HardHat-Object-Detection-YOLOv8 is a computer vision project designed to enhance safety measures in construction environments. By employing the state-of-the-art YOLOv8 (You Only Look Once version 8) algorithm, this project aims to accurately detect and identify whether construction workers are wearing their safety helmets or not. We will also take a look at YOLOv5, for comparison.
The primary goal of this initiative is to assist supervisors, safety officers, and automated systems in maintaining and enforcing safety regulations on site. The integration of AI in safety protocol monitoring opens the potential for real-time alerting and tracking of safety breaches, allowing for swift corrective actions.
This project leverages the YOLOv8 object detection algorithm, which is well-regarded for its detection accuracy and real-time performance.
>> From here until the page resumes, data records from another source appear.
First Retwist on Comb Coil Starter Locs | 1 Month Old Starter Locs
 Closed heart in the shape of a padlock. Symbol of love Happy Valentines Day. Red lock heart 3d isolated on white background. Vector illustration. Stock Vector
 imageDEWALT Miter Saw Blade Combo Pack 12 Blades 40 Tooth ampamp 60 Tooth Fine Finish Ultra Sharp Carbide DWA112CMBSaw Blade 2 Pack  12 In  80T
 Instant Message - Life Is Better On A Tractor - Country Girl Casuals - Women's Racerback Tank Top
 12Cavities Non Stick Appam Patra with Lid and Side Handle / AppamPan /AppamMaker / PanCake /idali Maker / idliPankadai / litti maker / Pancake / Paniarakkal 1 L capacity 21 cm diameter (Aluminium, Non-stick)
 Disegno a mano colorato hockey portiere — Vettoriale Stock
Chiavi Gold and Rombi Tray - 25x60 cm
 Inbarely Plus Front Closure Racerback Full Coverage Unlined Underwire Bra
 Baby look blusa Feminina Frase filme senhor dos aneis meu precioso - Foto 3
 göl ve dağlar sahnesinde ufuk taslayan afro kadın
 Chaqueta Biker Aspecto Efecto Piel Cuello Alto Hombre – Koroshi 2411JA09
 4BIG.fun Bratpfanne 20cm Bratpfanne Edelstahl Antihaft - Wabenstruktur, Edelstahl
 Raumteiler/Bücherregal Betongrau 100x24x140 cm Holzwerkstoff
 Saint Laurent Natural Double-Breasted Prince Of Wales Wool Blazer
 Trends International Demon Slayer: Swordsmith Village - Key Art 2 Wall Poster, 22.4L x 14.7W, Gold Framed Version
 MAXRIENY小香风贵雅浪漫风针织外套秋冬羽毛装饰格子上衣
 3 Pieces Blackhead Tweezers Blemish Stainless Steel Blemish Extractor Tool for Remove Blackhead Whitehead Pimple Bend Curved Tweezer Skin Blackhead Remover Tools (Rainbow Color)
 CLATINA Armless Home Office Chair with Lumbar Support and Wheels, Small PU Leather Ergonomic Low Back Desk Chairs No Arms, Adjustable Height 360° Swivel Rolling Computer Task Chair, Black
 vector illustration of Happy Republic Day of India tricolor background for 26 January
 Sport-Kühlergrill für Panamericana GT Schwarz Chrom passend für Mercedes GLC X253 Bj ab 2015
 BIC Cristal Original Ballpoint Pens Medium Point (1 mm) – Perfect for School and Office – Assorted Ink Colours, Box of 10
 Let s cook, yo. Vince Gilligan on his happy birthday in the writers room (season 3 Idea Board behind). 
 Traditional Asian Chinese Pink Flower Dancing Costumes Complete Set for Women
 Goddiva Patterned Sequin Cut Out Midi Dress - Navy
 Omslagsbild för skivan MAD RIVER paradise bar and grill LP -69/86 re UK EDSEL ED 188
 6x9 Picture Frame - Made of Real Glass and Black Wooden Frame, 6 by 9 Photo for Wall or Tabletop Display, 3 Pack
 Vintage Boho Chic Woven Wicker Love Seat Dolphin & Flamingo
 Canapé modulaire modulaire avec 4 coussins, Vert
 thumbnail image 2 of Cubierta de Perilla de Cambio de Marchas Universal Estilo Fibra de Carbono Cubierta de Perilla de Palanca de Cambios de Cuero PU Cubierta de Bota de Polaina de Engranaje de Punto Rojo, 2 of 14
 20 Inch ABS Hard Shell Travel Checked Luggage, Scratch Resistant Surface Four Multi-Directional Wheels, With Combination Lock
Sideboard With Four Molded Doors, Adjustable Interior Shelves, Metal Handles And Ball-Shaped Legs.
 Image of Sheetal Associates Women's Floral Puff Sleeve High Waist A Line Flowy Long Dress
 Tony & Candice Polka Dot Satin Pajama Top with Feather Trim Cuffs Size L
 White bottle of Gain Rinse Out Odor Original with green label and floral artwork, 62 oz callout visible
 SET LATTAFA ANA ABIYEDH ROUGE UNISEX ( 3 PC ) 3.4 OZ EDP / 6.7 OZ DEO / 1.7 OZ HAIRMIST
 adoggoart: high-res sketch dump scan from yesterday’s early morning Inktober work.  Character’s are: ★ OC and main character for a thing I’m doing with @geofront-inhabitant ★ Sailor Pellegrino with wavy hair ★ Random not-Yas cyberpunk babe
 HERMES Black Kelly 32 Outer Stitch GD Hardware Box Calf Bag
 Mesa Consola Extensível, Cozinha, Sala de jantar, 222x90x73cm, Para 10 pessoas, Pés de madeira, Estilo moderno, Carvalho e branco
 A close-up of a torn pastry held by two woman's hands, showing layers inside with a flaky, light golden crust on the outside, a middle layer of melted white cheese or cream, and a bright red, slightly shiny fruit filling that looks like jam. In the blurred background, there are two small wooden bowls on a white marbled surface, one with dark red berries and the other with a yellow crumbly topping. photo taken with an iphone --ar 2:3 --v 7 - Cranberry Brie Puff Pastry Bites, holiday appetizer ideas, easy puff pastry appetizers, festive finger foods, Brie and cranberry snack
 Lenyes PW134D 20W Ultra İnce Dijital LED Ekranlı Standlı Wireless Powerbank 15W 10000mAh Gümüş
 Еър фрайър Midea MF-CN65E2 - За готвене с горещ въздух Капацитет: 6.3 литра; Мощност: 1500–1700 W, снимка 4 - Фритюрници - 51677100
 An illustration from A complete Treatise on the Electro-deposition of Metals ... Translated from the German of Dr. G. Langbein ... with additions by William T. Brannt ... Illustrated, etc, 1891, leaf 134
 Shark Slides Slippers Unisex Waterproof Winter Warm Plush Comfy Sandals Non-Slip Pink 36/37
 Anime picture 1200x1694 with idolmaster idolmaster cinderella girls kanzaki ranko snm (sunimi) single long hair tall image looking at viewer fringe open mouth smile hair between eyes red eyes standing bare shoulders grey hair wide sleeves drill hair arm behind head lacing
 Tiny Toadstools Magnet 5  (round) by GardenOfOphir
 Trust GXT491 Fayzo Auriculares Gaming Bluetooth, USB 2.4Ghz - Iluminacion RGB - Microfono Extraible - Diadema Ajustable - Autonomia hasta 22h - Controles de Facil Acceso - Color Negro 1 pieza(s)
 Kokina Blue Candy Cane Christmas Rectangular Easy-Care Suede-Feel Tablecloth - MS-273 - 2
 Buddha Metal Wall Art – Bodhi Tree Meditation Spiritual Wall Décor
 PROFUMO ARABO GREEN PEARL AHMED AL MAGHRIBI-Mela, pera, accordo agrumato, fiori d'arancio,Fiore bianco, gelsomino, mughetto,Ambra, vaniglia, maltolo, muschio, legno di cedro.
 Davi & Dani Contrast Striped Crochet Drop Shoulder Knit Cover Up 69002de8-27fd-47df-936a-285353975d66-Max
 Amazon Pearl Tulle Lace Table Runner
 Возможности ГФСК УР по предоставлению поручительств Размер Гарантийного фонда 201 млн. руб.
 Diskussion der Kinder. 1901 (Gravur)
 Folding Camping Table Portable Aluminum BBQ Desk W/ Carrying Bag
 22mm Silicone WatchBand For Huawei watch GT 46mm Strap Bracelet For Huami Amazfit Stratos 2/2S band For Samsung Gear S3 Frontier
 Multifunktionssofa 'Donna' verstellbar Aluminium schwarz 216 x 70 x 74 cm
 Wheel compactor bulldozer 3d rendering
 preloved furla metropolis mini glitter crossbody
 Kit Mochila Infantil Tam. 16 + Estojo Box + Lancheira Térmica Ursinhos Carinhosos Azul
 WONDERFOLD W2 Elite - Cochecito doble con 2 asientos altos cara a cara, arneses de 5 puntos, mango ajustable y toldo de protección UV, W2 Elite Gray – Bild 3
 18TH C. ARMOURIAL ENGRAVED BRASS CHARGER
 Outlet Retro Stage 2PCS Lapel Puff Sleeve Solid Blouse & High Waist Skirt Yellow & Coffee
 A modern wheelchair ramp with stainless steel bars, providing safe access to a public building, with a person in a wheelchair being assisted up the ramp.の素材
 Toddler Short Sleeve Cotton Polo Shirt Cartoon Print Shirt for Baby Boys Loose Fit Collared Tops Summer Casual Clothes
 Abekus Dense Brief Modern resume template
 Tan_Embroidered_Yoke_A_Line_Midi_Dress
This algorithm enables the software to identify and differentiate between construction workers wearing hard hats and those who are not.
The software can be integrated into an existing video surveillance system to continuously monitor compliance with safety protocols. On detecting a worker without a helmet, the system can trigger alerts for immediate action. This way, the project aims to contribute significantly to accident prevention in the construction industry.
To use HardHat-Object-Detection-YOLOv8, simply clone this repository and execute the main Python notebook. (Since it is a personal project, i don't plan to get it production-ready) Ensure that the software has access to either a live video feed or a recorded video file from your construction site.
Please note: This project is for academic or personal use and should not replace manual supervision in critical safety situations. Its performance may vary based on numerous factors, including the quality of input video and the presence of obstructions in the scene.